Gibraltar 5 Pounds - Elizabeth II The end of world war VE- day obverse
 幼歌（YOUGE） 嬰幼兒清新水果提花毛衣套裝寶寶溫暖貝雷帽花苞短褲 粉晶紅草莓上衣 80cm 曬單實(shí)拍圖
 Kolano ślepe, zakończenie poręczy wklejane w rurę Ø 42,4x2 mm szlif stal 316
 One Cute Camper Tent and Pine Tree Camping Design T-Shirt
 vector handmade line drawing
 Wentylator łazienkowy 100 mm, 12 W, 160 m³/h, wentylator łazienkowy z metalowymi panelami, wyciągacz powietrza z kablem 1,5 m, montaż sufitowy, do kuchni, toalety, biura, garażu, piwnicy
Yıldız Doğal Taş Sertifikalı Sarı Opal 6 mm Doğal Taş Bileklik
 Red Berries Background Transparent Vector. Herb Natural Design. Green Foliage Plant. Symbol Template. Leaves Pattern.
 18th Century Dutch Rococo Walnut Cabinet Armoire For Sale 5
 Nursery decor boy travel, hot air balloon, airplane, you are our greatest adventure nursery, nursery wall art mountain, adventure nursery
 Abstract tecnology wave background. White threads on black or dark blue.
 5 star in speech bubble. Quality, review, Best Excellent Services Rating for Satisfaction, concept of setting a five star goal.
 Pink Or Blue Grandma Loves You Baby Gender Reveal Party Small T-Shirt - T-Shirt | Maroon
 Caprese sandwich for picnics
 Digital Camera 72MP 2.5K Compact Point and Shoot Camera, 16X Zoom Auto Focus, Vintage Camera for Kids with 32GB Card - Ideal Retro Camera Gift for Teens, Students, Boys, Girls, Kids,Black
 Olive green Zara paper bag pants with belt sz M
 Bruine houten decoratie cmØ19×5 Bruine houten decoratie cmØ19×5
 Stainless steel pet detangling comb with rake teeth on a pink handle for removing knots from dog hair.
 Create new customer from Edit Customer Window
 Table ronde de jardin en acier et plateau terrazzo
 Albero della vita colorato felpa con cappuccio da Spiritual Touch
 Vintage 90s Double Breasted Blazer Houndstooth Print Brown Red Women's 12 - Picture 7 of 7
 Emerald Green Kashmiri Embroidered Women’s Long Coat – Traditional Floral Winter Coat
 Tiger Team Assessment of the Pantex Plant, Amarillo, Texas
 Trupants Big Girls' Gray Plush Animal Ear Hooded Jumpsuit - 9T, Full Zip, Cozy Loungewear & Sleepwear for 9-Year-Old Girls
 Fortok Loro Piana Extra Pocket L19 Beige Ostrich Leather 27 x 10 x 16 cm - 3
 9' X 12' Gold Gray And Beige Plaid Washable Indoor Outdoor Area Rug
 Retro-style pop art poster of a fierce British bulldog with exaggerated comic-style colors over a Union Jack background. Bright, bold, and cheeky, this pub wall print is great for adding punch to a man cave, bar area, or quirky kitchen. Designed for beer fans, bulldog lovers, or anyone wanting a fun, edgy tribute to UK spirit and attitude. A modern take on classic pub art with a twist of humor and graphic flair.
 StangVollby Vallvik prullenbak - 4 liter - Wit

+--

TASK OBJECTIVE:
Line by line, copy the data above exactly as it reads.

EXERCISE ANSWER:
Gibraltar 5 Pounds - Elizabeth II The end of world war VE- day obverse
 幼歌（YOUGE） 嬰幼兒清新水果提花毛衣套裝寶寶溫暖貝雷帽花苞短褲 粉晶紅草莓上衣 80cm 曬單實(shí)拍圖
 Kolano ślepe, zakończenie poręczy wklejane w rurę Ø 42,4x2 mm szlif stal 316
 One Cute Camper Tent and Pine Tree Camping Design T-Shirt
 vector handmade line drawing
 Wentylator łazienkowy 100 mm, 12 W, 160 m³/h, wentylator łazienkowy z metalowymi panelami, wyciągacz powietrza z kablem 1,5 m, montaż sufitowy, do kuchni, toalety, biura, garażu, piwnicy
Yıldız Doğal Taş Sertifikalı Sarı Opal 6 mm Doğal Taş Bileklik
 Red Berries Background Transparent Vector. Herb Natural Design. Green Foliage Plant. Symbol Template. Leaves Pattern.
 18th Century Dutch Rococo Walnut Cabinet Armoire For Sale 5
 Nursery decor boy travel, hot air balloon, airplane, you are our greatest adventure nursery, nursery wall art mountain, adventure nursery
 Abstract tecnology wave background. White threads on black or dark blue.
 5 star in speech bubble. Quality, review, Best Excellent Services Rating for Satisfaction, concept of setting a five star goal.
 Pink Or Blue Grandma Loves You Baby Gender Reveal Party Small T-Shirt - T-Shirt | Maroon
 Caprese sandwich for picnics
 Digital Camera 72MP 2.5K Compact Point and Shoot Camera, 16X Zoom Auto Focus, Vintage Camera for Kids with 32GB Card - Ideal Retro Camera Gift for Teens, Students, Boys, Girls, Kids,Black
 Olive green Zara paper bag pants with belt sz M
 Bruine houten decoratie cmØ19×5 Bruine houten decoratie cmØ19×5
 Stainless steel pet detangling comb with rake teeth on a pink handle for removing knots from dog hair.
 Create new customer from Edit Customer Window
 Table ronde de jardin en acier et plateau terrazzo
 Albero della vita colorato felpa con cappuccio da Spiritual Touch
 Vintage 90s Double Breasted Blazer Houndstooth Print Brown Red Women's 12 - Picture 7 of 7
 Emerald Green Kashmiri Embroidered Women’s Long Coat – Traditional Floral Winter Coat
 Tiger Team Assessment of the Pantex Plant, Amarillo, Texas
 Trupants Big Girls' Gray Plush Animal Ear Hooded Jumpsuit - 9T, Full Zip, Cozy Loungewear & Sleepwear for 9-Year-Old Girls
 Fortok Loro Piana Extra Pocket L19 Beige Ostrich Leather 27 x 10 x 16 cm - 3
 9' X 12' Gold Gray And Beige Plaid Washable Indoor Outdoor Area Rug
 Retro-style pop art poster of a fierce British bulldog with exaggerated comic-style colors over a Union Jack background. Bright, bold, and cheeky, this pub wall print is great for adding punch to a man cave, bar area, or quirky kitchen. Designed for beer fans, bulldog lovers, or anyone wanting a fun, edgy tribute to UK spirit and attitude. A modern take on classic pub art with a twist of humor and graphic flair.
 StangVollby Vallvik prullenbak - 4 liter - Wit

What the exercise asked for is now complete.